WHEREAS, the Company and Apollo have entered into the Purchase
Agreement, dated as of October 2, 1998 (the "Purchase Agreement"), pursuant to
which the Company is issuing and selling $100 million aggregate principal amount
of convertible exchangeable subordinated debentures due 2010, Series A of the
Company (the "Debentures") to Apollo;
WHEREAS, the Debentures are convertible at any time at the option of
Apollo, in part or in whole, into shares of Common Stock as provided for in the
Purchase Agreement; and
WHEREAS, the execution and delivery of this Agreement is a condition to
the closing of the Purchase Agreement.
NOW, THEREFORE, in consideration of the mutual promises and agreements
set forth herein, the receipt and adequacy of which are hereby acknowledged, the
parties hereto agree as follows:
1. Definitions.

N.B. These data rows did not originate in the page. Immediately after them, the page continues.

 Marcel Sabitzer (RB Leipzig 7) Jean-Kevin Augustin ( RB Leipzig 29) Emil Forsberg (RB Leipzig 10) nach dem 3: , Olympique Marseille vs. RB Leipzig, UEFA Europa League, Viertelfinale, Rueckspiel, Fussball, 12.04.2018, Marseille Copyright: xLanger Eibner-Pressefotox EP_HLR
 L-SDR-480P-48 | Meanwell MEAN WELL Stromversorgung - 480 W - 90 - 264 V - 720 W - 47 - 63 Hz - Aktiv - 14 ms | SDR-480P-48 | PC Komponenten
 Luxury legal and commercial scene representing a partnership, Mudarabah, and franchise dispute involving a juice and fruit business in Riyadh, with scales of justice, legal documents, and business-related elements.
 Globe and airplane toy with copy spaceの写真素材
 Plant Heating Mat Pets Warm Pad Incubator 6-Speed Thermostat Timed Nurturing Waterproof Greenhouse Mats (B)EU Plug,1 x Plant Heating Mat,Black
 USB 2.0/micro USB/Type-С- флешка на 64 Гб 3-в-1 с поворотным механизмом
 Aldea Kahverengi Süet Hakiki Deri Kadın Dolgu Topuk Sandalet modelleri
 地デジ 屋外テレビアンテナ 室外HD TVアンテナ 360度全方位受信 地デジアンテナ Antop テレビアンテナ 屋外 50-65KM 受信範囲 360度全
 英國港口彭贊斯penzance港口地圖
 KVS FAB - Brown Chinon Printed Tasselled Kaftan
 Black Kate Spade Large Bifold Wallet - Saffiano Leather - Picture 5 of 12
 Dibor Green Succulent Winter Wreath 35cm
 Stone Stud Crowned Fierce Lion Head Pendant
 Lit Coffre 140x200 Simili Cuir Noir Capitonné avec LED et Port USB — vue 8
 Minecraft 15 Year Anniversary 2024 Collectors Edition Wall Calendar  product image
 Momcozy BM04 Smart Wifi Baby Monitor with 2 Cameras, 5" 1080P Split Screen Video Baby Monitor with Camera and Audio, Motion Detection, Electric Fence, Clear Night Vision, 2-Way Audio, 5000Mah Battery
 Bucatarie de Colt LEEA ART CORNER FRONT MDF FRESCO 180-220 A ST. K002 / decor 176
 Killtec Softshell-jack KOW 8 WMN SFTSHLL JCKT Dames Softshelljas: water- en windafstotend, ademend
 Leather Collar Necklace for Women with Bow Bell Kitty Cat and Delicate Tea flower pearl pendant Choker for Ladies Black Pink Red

As used in this Agreement, the following terms shall
have the meanings set forth below:
"Affiliate" has the meaning assigned such term in the Purchase
Agreement.
"Board" means the Board of Directors of the Company.
"Closing" and "Closing Date" have the meaning assigned such terms in
the Purchase Agreement.
"Common Stock" means common stock, par value $.10 per share, of the
Company or any other capital stock of the Company into which such stock is
reclassified or reconstituted.
"Conversion Price" has the meaning assigned such term in the Purchase
Agreement.
"Converted Shares" means the actual shares of Common Stock received by
Apollo upon conversion of, some or all of, the Debentures.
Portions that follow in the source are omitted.